SAN’A, Yemen—A mine placed on the route of an antigovernment protest exploded prematurely, killing one and injuring two while raising tensions further in the country.
The explosion occurred in Lawder, a town notorious for antigovernment feeling. No group has claimed responsibility for the attack.
The explosion comes a day after Yemeni president Ali Abdullah Saleh ordered police to protect all demonstrators after two were killed late Tuesday night in the capital city of San’a. The recent protests have been relatively peaceful in San’a, despite occasional conflict between pro- and antigovernment demonstrators hurling rocks and firing assault rifles.
“President Ali Abdullah Saleh instructed all security services to thwart all clashes and prevent direct confrontation between pro- and antigovernment protestors,” a presidential aide said in a statement late Wednesday night. “In addition, the directive demanded security services to offer full protection for the demonstrators” he added.The statement said the government will “continue to protect the rights of its citizens to assemble peacefully and their right to freedom of expression.”
On Tuesday, riot police tried to make a human barrier between the two sides but were overwhelmed by the protestors. The police shot in the air to disperse the demonstrators but ended up fleeing themselves after pro-government supporters started firing into the crowd, according to eyewitnesses.
An officer coordinating the police at the riots said it is impossible to control the crowds during the violence. “When you have 3,000 demonstrators behind you and 7,000 in front of you, you have to leave,” he said in an interview at the front lines of the protest on Thursday.

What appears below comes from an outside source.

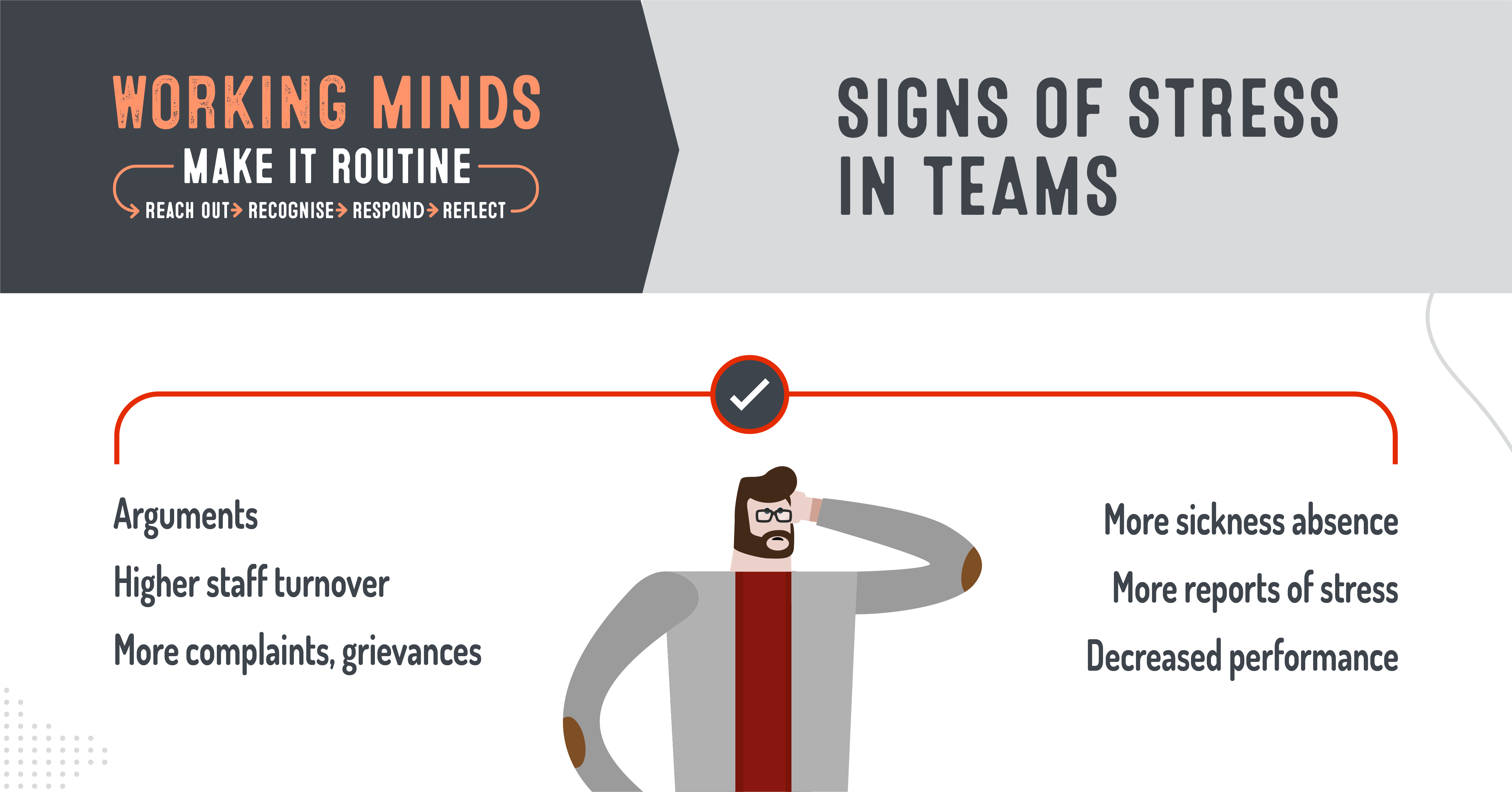 Signs of stress in teams; Arguments, Higher staff turnover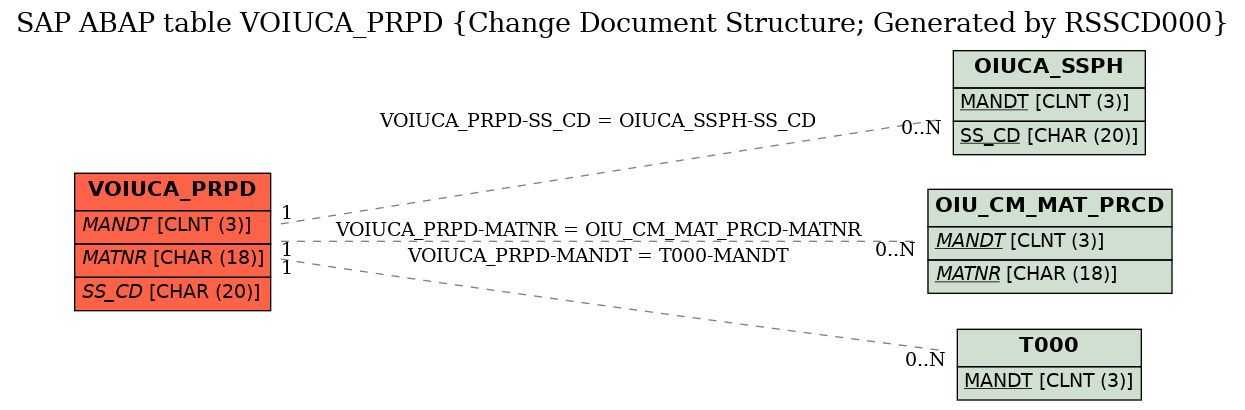 E-R Diagram for table VOIUCA_PRPD (Change Document Structure; Generated by RSSCD000)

Antigovernment numbers in San’a have grown over the past two days, from around 2,000 to over 5,000 on Thursday, but the atmosphere is peaceful and at times jovial. Protestors, many of whom have been camped in front of San’a University for days, call out for the president to flee and dance during the day. A large demonstration is due here on Friday, the holy day of the week in the Islamic calendar.
Around 4,000 pro-government protestors are camped about a mile away and frequently walk up to San’a University, armed with batons and concealed weapons, to taunt the opposition. Antigovernment protestors say Yemen’s security forces pay the thugs, but the government denies any connection with its supporters who use violence.
In San’a a mixture of students and human rights activists run the protests. In the south, where Thursday’s bomb exploded, the students are joined by the Southern Movement, an umbrella association of political groups, some of which want the south of the country to secede.
The most deadly protests in Yemen have occurred outside the capital, where antigovernment sentiment has been simmering for years. In the port city of Aden, 12 protestors have been killed over the past two weeks, according to New York-based Human Rights Watch.